Fifa x MPT

Em tempos de Copa, uma notícia envolvendo o futebol causou furor no cenário jurídico. O juiz Rogério Neiva Pinheiro, da 1ª Vara do Trabalho – TRT 10ª Região, determinou que a FIFA faça intervalos nos jogos a cada 30 minutos, para jogadores beberem água, quando a temperatura superar 32º C.

A decisão vale para o país inteiro e foi tomada em caráter liminar.

O Ministério Público do Trabalho (MPT) pediu os intervalos em ação civil pública movida contra a Fifa.

De acordo com o membro do MPT, jogar no calor intenso pode prejudicar a saúde dos atletas e menciona o desgaste físico alegado pelos jogadores da Itália e da Inglaterra em razão do calor durante a partida em Manaus, realizada em 14 de junho.

Em sua defesa a Fifa argumentou que a Justiça do Trabalho é incompetente para julgar a ação, pois a entidade é apenas como organizadora do evento, inexistindo relação de emprego com os jogadores.

Entretanto, o juiz ignorou as alegações e determinou multa de R$ 200 mil por descumprimento, em cada partida.

Constituição brasileira estabeleceu em seu art. 217 a “autonomia das entidades desportivas dirigentes e associações, quanto a sua organização e funcionamento”.

A Lei Pelé (Lei 9.615/98) que em seu artigo 16 explicita a extensão desta autonomia e traz a natureza jurídica destas associações, vejamos: “As entidades de prática desportiva e as entidades nacionais de administração do desporto, bem como as ligas de que trata o art. 20, são pessoas jurídicas de direito privado, com organização e funcionamento autônomo, e terão as competências definidas em seus estatutos.”
 
Desta forma, as entidades que administram o desporto no Brasil e representam o país junto aos entes internacionais, possuem uma ampla autonomia e sua gestão é alheia a ingerência do Estado.

A CBF e a Fifa seguem parâmetros similares, são ambas, de um ponto de vista jurídico, associações de direito privado, sem fins lucrativos.
 
De um modo prático, Fifa é uma associação que congregam um ente em cada país (no caso do Brasil a CBF). Desta forma, a CBF é integrante e devem submeter-se às normas da Fifa.

Pois, bem qual é o vínculo existente entre jogadores e a Fifa/CBF?
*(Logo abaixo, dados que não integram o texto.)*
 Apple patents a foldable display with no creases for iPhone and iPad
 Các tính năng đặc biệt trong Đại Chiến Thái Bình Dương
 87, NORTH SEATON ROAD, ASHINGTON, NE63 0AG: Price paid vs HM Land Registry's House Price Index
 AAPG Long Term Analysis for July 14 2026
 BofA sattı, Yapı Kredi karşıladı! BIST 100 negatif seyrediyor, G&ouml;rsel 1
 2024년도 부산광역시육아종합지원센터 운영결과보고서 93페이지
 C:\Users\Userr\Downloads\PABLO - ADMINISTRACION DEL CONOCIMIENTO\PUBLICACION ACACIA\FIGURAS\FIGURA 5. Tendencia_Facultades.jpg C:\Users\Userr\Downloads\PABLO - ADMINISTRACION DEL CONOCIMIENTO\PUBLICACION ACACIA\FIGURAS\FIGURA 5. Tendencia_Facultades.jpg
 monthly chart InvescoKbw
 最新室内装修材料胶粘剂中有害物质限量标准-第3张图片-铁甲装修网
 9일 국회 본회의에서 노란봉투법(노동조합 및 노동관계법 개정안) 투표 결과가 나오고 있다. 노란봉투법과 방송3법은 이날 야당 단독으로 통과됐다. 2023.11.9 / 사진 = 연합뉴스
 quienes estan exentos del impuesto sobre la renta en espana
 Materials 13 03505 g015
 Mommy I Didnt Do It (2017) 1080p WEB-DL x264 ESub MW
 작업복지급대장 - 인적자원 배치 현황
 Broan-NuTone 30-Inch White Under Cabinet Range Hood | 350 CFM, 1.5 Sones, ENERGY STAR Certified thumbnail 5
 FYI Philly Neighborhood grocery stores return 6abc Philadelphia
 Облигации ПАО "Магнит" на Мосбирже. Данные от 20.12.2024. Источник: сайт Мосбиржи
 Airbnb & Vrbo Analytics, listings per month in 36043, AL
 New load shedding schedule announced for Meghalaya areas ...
Não há relação de emprego, pois inexiste remuneração, ao menos aparentemente. No entanto, há relação de trabalho.

Portanto, a justiça do trabalho é competente para dirimir controvérsia entre a relação de trabalho entre Fifa e jogadores, nos termos do art.114 da CF.

A NR15 estabelece quando o trabalhador deverá receber o adicional de insalubridade se exposto ao calor, mas não determina o descanso, tampouco a CLT.

Quanto à decisão judicial, ficam as seguintes perguntas:

Um trabalhador que desempenha suas funções ao ar livre tem direito a algum descanso?
 
Um trabalhador braçal rural que trabalha, na melhor das hipóteses, ininterruptamente 4 horas seguidas, tem um desgaste físico menor que um jogador?

*LUDMILLA ROCHA CUNHA RIBEIRO, Advogada, pós-graduada em Direito Público, Direito do Trabalho e Processo do Trabalho, L.LM em Direito Empresarial pela FGV (em curso).